Apesar de estar apadrinhada pela Devolver Digital, que dificilmente decepciona, eu confesso que estou um pouco cansado do gênero. Não que ele seja ruim, pelo contrário, sempre que quero uma diversão rápida, abro Spelunky 2 ou Rogue Legacy 2 para umas fazer umas runs e quando vou ver, já se passaram umas 2 horas.
Mas quando se fala de jogo novo, é preciso sempre ter que medi-lo com a régua mais alta. Afinal, existem jogos que já exploraram da melhor forma possível o gênero, e concorrer com eles é uma tarefa mais desafiadora do que alguns chefes de Hades.
Mas estamos falando de um estúdio que a Devolver Digital apostou suas fichas para entregar o principal jogo do segundo semestre do catálogo da publisher.

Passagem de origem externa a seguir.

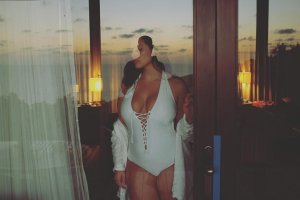 Ashley Graham Sexy thefappening.so 2.jpg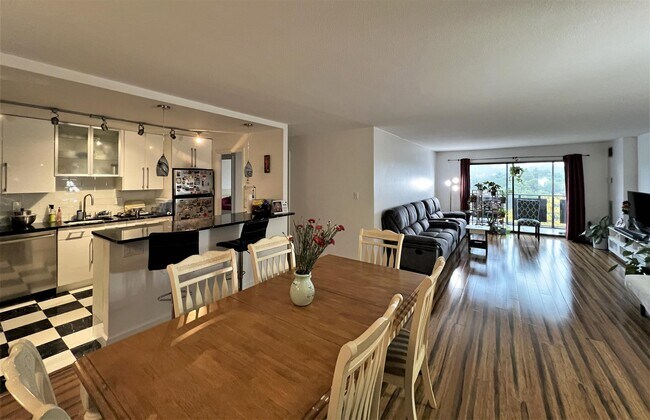 990 Massachusetts Ave, Unit 75 in Arlington, MA - Building Photo - Building Photo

A Massive Monster tinha um conceito interessante e um tema que cativou muita gente logo de cara.
Conhecida por publicar jogos que fogem um pouco da casinha e nos proporcionar alguns resultados novos, a Devolver Digital agora tem um jogo em seu catálogo que conta uma história que começa no corredor da morte, onde encarnamos o último cordeiro, que será sacrificado em nome de um culto pagão para impedir o cumprimento de uma profecia, mas quando a lâmina cai, acordamos em outro mundo, à frente de “Aquele que Espera”, uma entidade banida pronta para fazer de nosso cordeiro o portador da Coroa, e dar-lhe o poder de retornar e destruir os profetas, divindades que condenaram nossa inocente criaturinha.
Em troca, ‘Aquele que Espera’ apenas pede ao cordeirinho que funde uma seita em seu nome. Que coisa pesada, não? Sim, pero no mucho. O jogo é um misto de “calma, como eu tô rindo disso aqui?”, para “meu deus isso não é um pouco pesado?”. Se o objetivo dos desenvolvedores era causar pensamentos conflitantes e entregar um jogo extremamente viciante, parabéns, conseguiram!
O bicho mais underground que eu conheço é uma ovelha
Se morrer fosse uma opção… você se juntaria à nossa seita? Das mentes sombrias de Massive Monster e Devolver Digital, Cult of the Lamb é um excelente indie que visa unir as partes mais divertidas de Animal Crossing e The Binding of Isaac e o gerenciamento de recursos de… Age of Empires (?).
O melhor de tudo, camuflados em estilo de arte e narrativa que jamais passaria pela cabeça de 99% das pessoas para esse tipo de jogo. Nossos seguidores farão todo o possível para cultuar nossa seita diabólica.
Se você já teve a necessidade urgente de “sacrificar” alguns de seus vizinhos em Animal Crossing, e mandá-los embora da sua ilha, bom… se prepare para realmente sacrificá-los em Cult of the Lamb, que além de tudo permite que você nomeie cada um dos seus seguidores, personalizando-os com os mais variados tipos de cabeças de animais que podem ser desbloqueadas através da sua progressão no jogo.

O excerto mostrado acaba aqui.